At Dounreay, left to right, Laurie Judd, Director, Technology and International Programs, Longenecker & Associates; Stacy Charboneau, Associate Principal Deputy Assistant Secretary for Field Operations, EM; Mike Brown, Strategy and Implementation Manager, NDA; John Mathieson, Head of International Relations, NDA; Jack Craig, Manager, SRS; David Lowe, Deputy Managing Director, Dounreay Site Restoration Ltd.; and Benjamin Rivera, International Program Liaison, EM.

At Sellafield, left to right, Stacy Charboneau, Associate Principal Deputy Assistant Secretary for Field Operations, EM; Jack Craig, Manager, SRS; Laurie Judd, Director, Technology and International Programs, Longenecker & Associates; John Mathieson, Head of International Relations, NDA; and Benjamin Rivera, International Program Liaison, EM.

   Officials from EM headquarters and Savannah River Site (SRS) visited the United Kingdom’s Sellafield and Dounreay sites this summer to explore how the U.S. and U.K. can benefit from sharing expertise in nuclear waste cleanup to reduce costs, improve safety and increase efficiency.

   Stacy Charboneau, EM Associate Principal Deputy Assistant Secretary for Field Operations, and SRS Manager Jack Craig gained insight into Sellafield’s highest priority cleanup efforts: the Legacy Ponds and Silos Program, comprised of four main plants once used to store waste and spent fuel prior to reprocessing — the First Generation Magnox Storage Pond, Pile Fuel Storage Pond, Pile Fuel Cladding Silo and Magnox Swarf Storage Silos

   “I have been impressed by the progress being made at both Sellafield and Dounreay. The complexity of the cleanup is similar to DOE’s even though the sites are much smaller in area. It is clear that DOE and NDA have a lot to learn from one another as we go forward,” Charboneau said, referring to the U.K. Nuclear Decommissioning Authority, which is responsible for the decommissioning and cleanup of the UK’s civil nuclear legacy.

   EM’s visit was under the auspices of the Statement of Intent (SOI) between DOE, NDA, and the U.K. National Nuclear Laboratory (NNL).
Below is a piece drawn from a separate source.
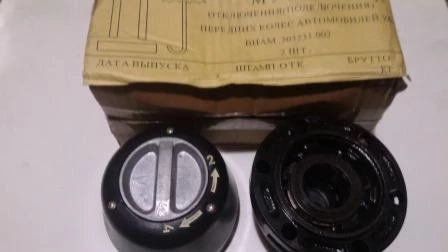 

Муфта включения перед. моста УАЗ "Элмо" (2 шт.)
The SOI has led to information exchange among these organizations and has demonstrated that collaboration can result in safer, more cost-effective and faster cleanup of legacy waste.

   In their latest meetings, EM and NDA officials discussed the NDA’s novel “G6 Approach,” which has helped NDA accelerate the pace of cleanup and save hundreds of millions of dollars since its inception in 2014.

   The visitors toured NNL’s Central Laboratory, which is a newly commissioned hot cell suite for the safe handling of highly radioactive materials. They also visited the full-scale Vitrification Test Rig, which optimizes the processing of high-level waste into a stabilized form suitable for long-term storage; and the inactive large-scale test facility in Workington used to demonstrate new technologies, such as robotic systems.

   At Dounreay, the group learned about the remediation of the Dounreay Shaft, a 200-foot-deep tunnel used to store nuclear materials in the 1950s and 1960s; the Waste Receipt, Assay, Characterization and Supercompaction area, used for packaging low-level waste for storage; and the Prototype and Dounreay fast reactors, where the visitors considered decommissioning challenges. 

   The U.K. visit by Charboneau and Craig comes four months after NDA CEO John Clarke and Sellafield Programme Director Pete Lutwyche visited DOE headquarters and the Hanford and Savannah River sites.